The music was uncensored, experimental, noisy, non-commercial and often steeped in negativity, occultism, chaos, and darkness. I would ask the reader to consider whether the darkness expressed by this kind of music is akin to the darkness somebody would experience as they imagine that the ruling class has created a world around them designed to enslave, exploit, and kill them.

Fascism, serial killers, cults, weird sex--themes like these were foisted on the listener. Was it simply the world of fear that envelops someone in the working class or middle class as they struggle to survive in a world that wants to exploit them and discard them to the grave? It must be noted that in the 1980s, the Judeo-Christian world's tendency to drown its workers in alcohol, sadomasochism, delusion, war, and sometimes outright oppression when the alternatives didn't work was in full effect. Philosophical enlightenment was not readily available to the worker, and it was deemed dangerous to provide it, like in most societies.

Perhaps enlightenment coupled with a lifetime immersion in negativity could create the type of person who would make the type of records that dotted the landscape of industrial music. There was no rule in place that required the artist to move beyond the negativity that is characteristic of their class; sometimes it seemed that someone was motivated to reproduce the trauma within themselves upon the human race as a whole. Creative "currents" festered beneath mainstream consciousness, which almost seemed to be pushed off to the side by the denizens of this particular segment of the underground as they created their dark Eden of outsider art.

If hardcore punk took something similar to an Aristotelian worldview that looked to the physical, tangible, cold, hard reality of life for knowledge and raged against the darkness in the minds of those who failed to understand it, the experimental industrial music of underground and tape labels showed and perhaps tried to interact with a dark world of damaged Platonic Ideas of darkness or perhaps some kind of sinister noumena that were jarred about by the minds of the drug-addled, occultists, psychopaths, and other dark souls.

It was almost as if the experimentation of industrial music was an attempt to understand the chaos of existence in the modern world in order to find some way to exploit it to gain power. In this sense it aspired above its supposed station in life and would thus be considered pretentious--but the question is: did this experimentation succeed in elevating the artists and empowering them, thus transcending its ostensible pretentiousness?

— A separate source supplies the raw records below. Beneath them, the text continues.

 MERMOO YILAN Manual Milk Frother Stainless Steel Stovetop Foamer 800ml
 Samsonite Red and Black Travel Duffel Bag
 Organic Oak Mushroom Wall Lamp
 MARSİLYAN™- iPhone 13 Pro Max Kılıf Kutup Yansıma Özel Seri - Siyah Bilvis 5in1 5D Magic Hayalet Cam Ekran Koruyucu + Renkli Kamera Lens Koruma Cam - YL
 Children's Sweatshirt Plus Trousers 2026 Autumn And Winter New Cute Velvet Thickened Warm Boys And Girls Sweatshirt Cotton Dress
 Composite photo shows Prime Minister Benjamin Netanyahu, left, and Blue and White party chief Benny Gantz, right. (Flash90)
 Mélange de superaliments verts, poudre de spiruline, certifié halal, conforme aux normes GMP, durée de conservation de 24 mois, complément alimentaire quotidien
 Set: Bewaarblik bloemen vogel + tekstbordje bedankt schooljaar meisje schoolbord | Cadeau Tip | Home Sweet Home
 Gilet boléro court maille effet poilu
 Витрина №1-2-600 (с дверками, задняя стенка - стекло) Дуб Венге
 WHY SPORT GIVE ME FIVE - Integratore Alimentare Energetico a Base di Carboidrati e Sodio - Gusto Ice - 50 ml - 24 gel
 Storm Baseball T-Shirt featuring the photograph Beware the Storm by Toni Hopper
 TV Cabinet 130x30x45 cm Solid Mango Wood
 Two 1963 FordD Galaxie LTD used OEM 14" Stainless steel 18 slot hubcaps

Later music that was influenced by the artists in this underground include popular, mainstream industrial rock acts like Ministry, Nine Inch Nails, and Marilyn Manson, and it also influenced many styles of electronic music, such as acid house, electronic body music (EBM), dark ambient, and various forms of noise music.

The proliferation of tape decks, photocopied zines, and other innovations allowed by consumer electronics would allow this style of music to proliferate among the underground, and so it was that technology would empower people on the fringe of society to organize themselves to produce and distribute art. This was the culmination of several decades of innovations, and began a fragmentation in music that would culminate in the Internet and the vast amount of power afforded to individuals through home computers.

Many people would compete to utilize this power, both to create and destroy, and in some ways this industrial music, as a creative force, was potentially both creative and destructive as well.